(Scraped caption text data)
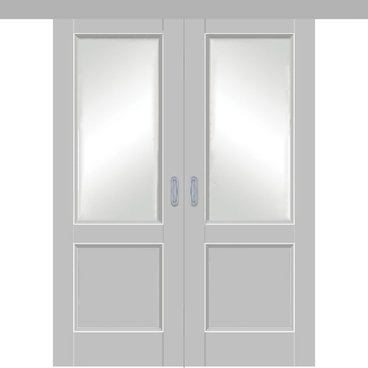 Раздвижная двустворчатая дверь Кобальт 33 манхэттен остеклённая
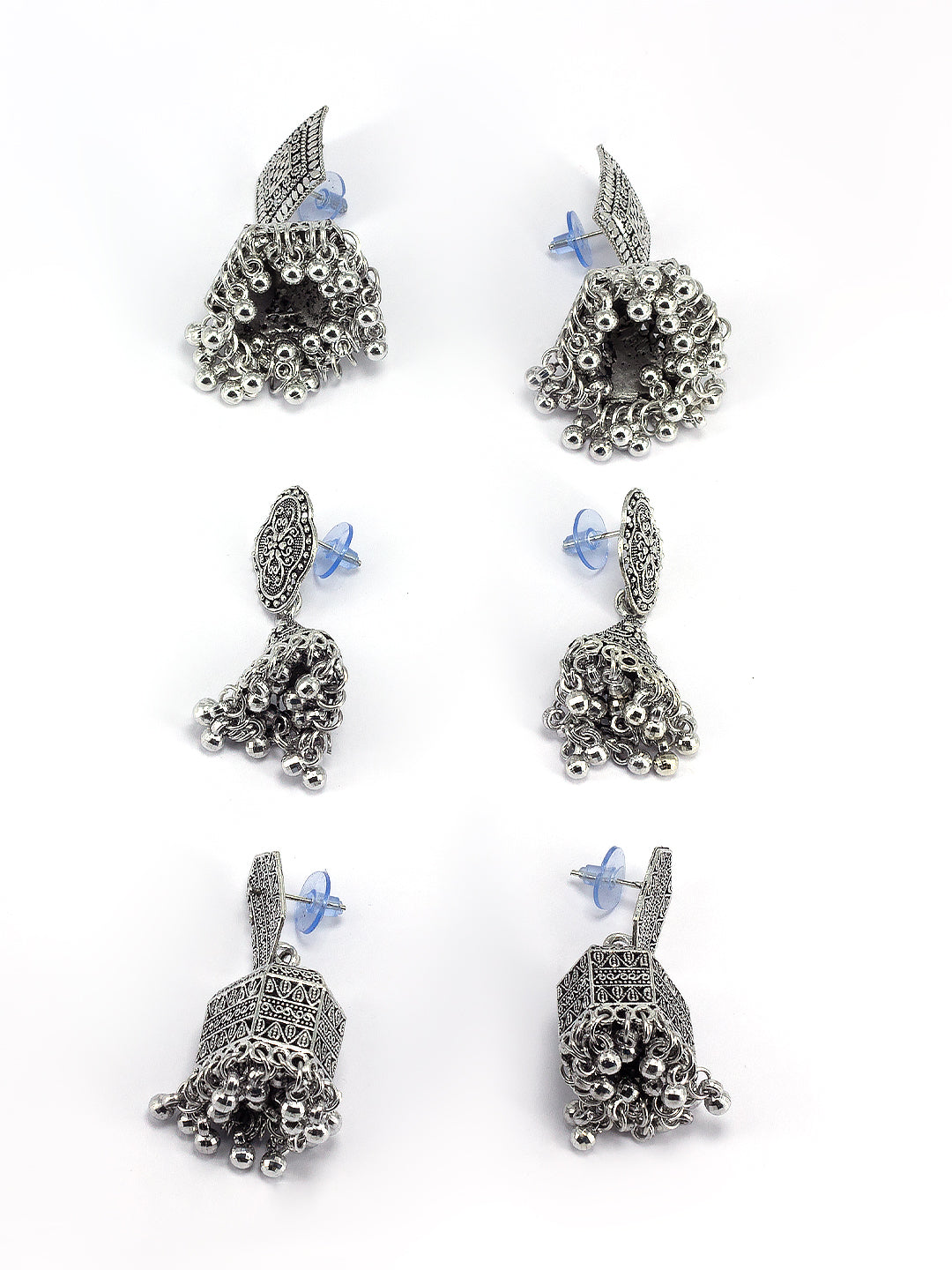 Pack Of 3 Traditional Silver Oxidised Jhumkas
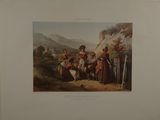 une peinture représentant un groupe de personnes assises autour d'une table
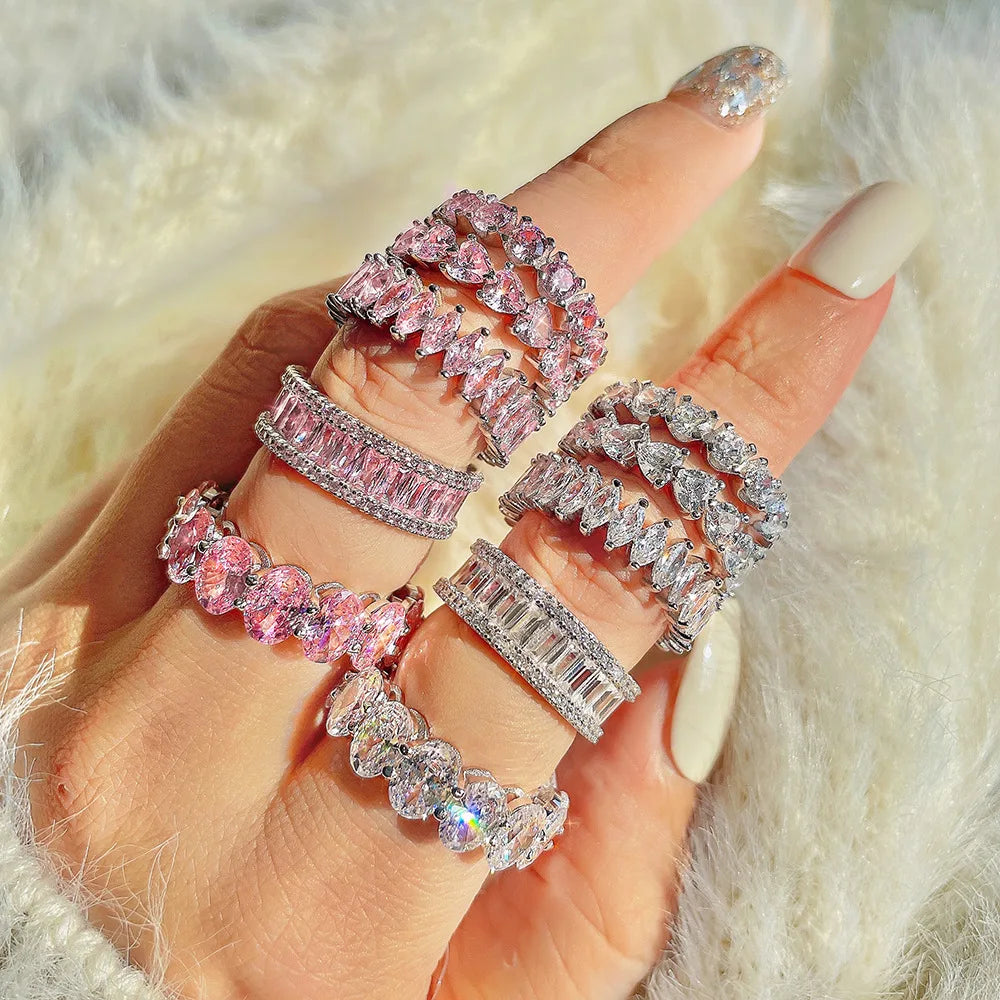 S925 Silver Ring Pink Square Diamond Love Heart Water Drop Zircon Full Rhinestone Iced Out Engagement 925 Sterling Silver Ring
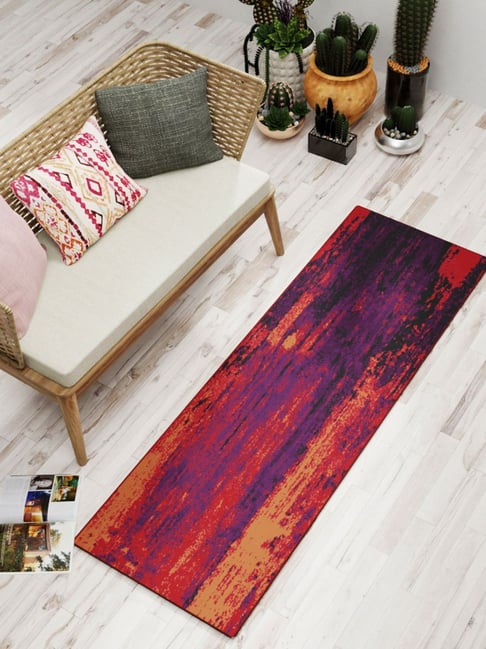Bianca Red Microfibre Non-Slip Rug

DESCRIPTION OF THE TASK – You are asked to output the records precisely as they appear, minus any pictures.

TASK SOLUTION –
 Раздвижная двустворчатая дверь Кобальт 33 манхэттен остеклённая
 Pack Of 3 Traditional Silver Oxidised Jhumkas
 une peinture représentant un groupe de personnes assises autour d'une table
 S925 Silver Ring Pink Square Diamond Love Heart Water Drop Zircon Full Rhinestone Iced Out Engagement 925 Sterling Silver Ring
Bianca Red Microfibre Non-Slip Rug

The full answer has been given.